Antagonism with Germany
In explaining why Britain went to war with Germany, British historian Paul Kennedy (1980) argued that a critical factor was the British realisation that Germany was rapidly becoming economically more powerful than Britain. It was in essence not a consequence of the disputes over economic trade imperialism, the Baghdad Railway, the confrontations in Eastern Europe, highly-charged political rhetoric, or domestic pressure groups. Germany's reliance time and again on military aggression, while Britain increasingly appealed to moral sensibilities, also played a role, especially in portraying the invasion of neutral Belgium as (in the German view) a necessary military tactic or (in the British view) a profound moral crime. The German invasion of Belgium was not the real cause of war with Britain, because the British decision had already been made as the British were more concerned with the fate of France (pp. 457–62). Kennedy argues that by far the main reason was London's fear that a repeat of the war of 1870, when Prussia and the German states smashed France, would mean that a rapidly industrialising Germany, with a powerful army and navy, would control the English Channel and northwest France. British policy-makers insisted that that would be a catastrophe for British security.

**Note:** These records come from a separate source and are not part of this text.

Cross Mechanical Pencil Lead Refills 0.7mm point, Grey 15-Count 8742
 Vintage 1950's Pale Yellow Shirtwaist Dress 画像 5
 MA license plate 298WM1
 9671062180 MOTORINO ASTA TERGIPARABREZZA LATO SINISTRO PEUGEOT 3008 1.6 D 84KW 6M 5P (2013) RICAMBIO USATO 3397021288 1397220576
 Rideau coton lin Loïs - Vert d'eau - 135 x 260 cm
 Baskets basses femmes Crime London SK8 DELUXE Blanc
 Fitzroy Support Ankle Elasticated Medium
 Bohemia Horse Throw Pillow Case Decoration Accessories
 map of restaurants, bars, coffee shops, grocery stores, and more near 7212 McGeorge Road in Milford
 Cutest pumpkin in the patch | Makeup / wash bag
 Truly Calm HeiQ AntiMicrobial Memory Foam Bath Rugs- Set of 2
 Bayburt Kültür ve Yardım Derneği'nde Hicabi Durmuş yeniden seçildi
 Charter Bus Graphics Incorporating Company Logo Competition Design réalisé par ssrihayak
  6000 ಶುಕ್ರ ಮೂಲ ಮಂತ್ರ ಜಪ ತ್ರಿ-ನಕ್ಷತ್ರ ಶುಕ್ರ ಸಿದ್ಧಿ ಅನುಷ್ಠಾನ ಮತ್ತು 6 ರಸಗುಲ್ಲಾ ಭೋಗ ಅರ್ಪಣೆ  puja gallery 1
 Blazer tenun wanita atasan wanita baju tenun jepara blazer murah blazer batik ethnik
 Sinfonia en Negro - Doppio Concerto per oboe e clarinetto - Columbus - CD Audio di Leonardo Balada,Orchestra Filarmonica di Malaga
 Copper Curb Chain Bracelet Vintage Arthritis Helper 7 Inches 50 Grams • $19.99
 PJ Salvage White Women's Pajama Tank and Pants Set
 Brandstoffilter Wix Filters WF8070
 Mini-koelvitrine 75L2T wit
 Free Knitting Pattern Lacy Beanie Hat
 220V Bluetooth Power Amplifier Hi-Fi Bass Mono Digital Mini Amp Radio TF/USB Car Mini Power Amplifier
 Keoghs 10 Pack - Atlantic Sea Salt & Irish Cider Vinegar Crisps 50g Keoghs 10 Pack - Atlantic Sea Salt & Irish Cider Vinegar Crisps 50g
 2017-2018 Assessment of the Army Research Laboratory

Christopher Clark points out that the British cabinet decided on July 29, 1914, that being a signatory to the 1839 treaty guaranteeing Belgium's frontiers did not obligate it to oppose a German invasion of Belgium with military force.

Decision for war
In the immediate aftermath of the assassination on June 28 of Austrian Archduke Franz Ferdinand (the heir to the Habsburg throne) in the Bosnian capital, Sarajevo, the British newspapers denounced the Serbian nationalist assassin, Gavrilo Princip, and were generally sympathetic to the Austro-Hungarian monarchy. The newspapers blamed the Kingdom of Serbia for the crime, with rhetoric against "fanatics", "dangerous forces" and "reckless agitators". These responses were broadly shared across the political spectrum, with Liberal and Conservative papers expressing their shock and dismay. But by July 27, press opinion had turned against Austria-Hungary. The national press divided along party lines, with Conservative papers stressing the obligation to support France, while Liberal papers insisted Britain had no such commitment and should remain neutral. 

As Germany and Russia became the central players in the crisis (respectively backing Austria-Hungary and Serbia), British leaders increasingly had a sense of commitment to defending France. First, if Germany again conquered France, as had happened in the Franco-Prussian War of 1870, it would become a major threat to British economic, political and cultural interests. Second, partisanship was involved. The Liberal Party was identified with internationalism and free trade, and with opposition to jingoism and warfare. By contrast, the Conservative Party was identified as the party of nationalism and patriotism; Britons expected it "to show capacity in running a war." Liberal voters initially demanded peace, but were outraged when the Germans treated Belgian neutrality as a worthless "scrap of paper" (the words of German Chancellor Theobald von Bethmann Hollweg in ridiculing the Treaty of London). Germany, as part of a massive attack on France, invaded northern France through Belgium early on the morning of 4 August. The Belgians called upon Britain for military assistance under the 1839 treaty, and in response London gave Berlin an ultimatum which expired at 11 pm London time, which was ignored. King George V then declared war on Germany that evening.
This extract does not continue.